Ich will auch nicht klagen, sondern nach vorne blicken und mit konstruktiven Vorschlägen die angesammelte Verspätung aufholen. Er freut mich, dass man sich allseits der Notwendigkeit bewusst ist, das Statut schnellstmöglich abändern zu müssen. Dies ist genau das, was zählt. Die Polemiken zwischen den Parteien und einzelnen Akteuren interessieren und betreffen mich nicht. Ich lasse mich da nicht hineinziehen, auch weil ich damals gefragt wurde, für den Senat zu kandidieren, um bei den Reformen der Verfassung und des Statuts meinen Beitrag zu leisten, aber sicher nicht, um mich über Parteien und Personen zu äußern.
Ich versuche stets, meine Arbeit mit größter Gewissenhaftigkeit durchzuführen, und wenn meine Kernaussagen aus politischen Gründen instrumentalisiert werden, dann trifft die Schuld jene, die dies machen. Wenn die Polemiken aber dazu beitragen, für die Notwendigkeit der Reformen zu sensibilisieren, dann soll mir dies recht sein. Ich möchte mich allerdings nicht an den Polemiken beteiligen.
Der Grund warum das Statut
Der Grund warum das Statut nach der Verfassungsreform 2001 nicht angepasst wurde ist einfach: Die Verfassungsreform sah das Subsidarietätsprinzip vor, das bis in die kleinsten Einheiten wie den Gemeinden gehen sollte.
Hätte man das Autonomiestatut angepasst, so hätte man auf Landesebene einen Teil der Macht aufgeben müssen. Dies wollte man nicht, man liebt ja den Landeszentralismus mit dem man den Gemeinden die Daumenschrauben anlegen kann und unter anderem auch Gemeinden strafen kann, die es wagen keinen SVP-Bürgermeister zu wählen, so wie es im Ahrntal passiert ist.
Es ist ein historisches Versäumnis der Ära Durnwalder, in der man gerne alle Fäden in der Hand hält, mit Morgenaudienzen und Zettelwirtschaft Schattenstrukturen jenseits der formalrechtlichen Institutionen benützt und, dabei sträflich vernachlässigt Amts- und Rechtswege aufzubauen.
Gemeinden mit mehr Spielraum waren nur störend für den Landeszentralismus den wir die letzten Jahrzehnte erleben mussten. Nun droht uns wieder der Staatszentralismus, weil wir ein Konstrukt auf tönernen Füßen stehen gelassen haben. Wen wir dafür zu danken haben, müsste jetzt verständlich sein.
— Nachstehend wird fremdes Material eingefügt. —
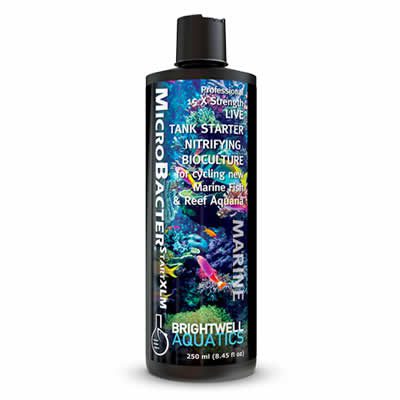 Brightwell MicroBacter start XLM 500ml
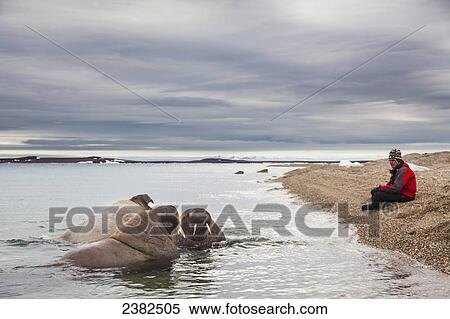 Stock Photography - Man sits on the shores and watches a group of curious Walrus (Odobenus rosmarus); Svalbard, Norway. Fotosearch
"in ein Wespennest gestochen"
"in ein Wespennest gestochen"? Wer reinen Gewissens ist, muss sich nicht "aufregen". Die Indikationen von Giorgias (Umbau Staats- zu Landeszentralismus und jetzt vice-versa) finde ich zutreffend. Wiewohl ein Schulter- und Schenkelklopfen in Rom auch durch Peterlini und seine Nachfolger praktiziert wird, zulasten der hart-korrekten und originären SVP-Linie.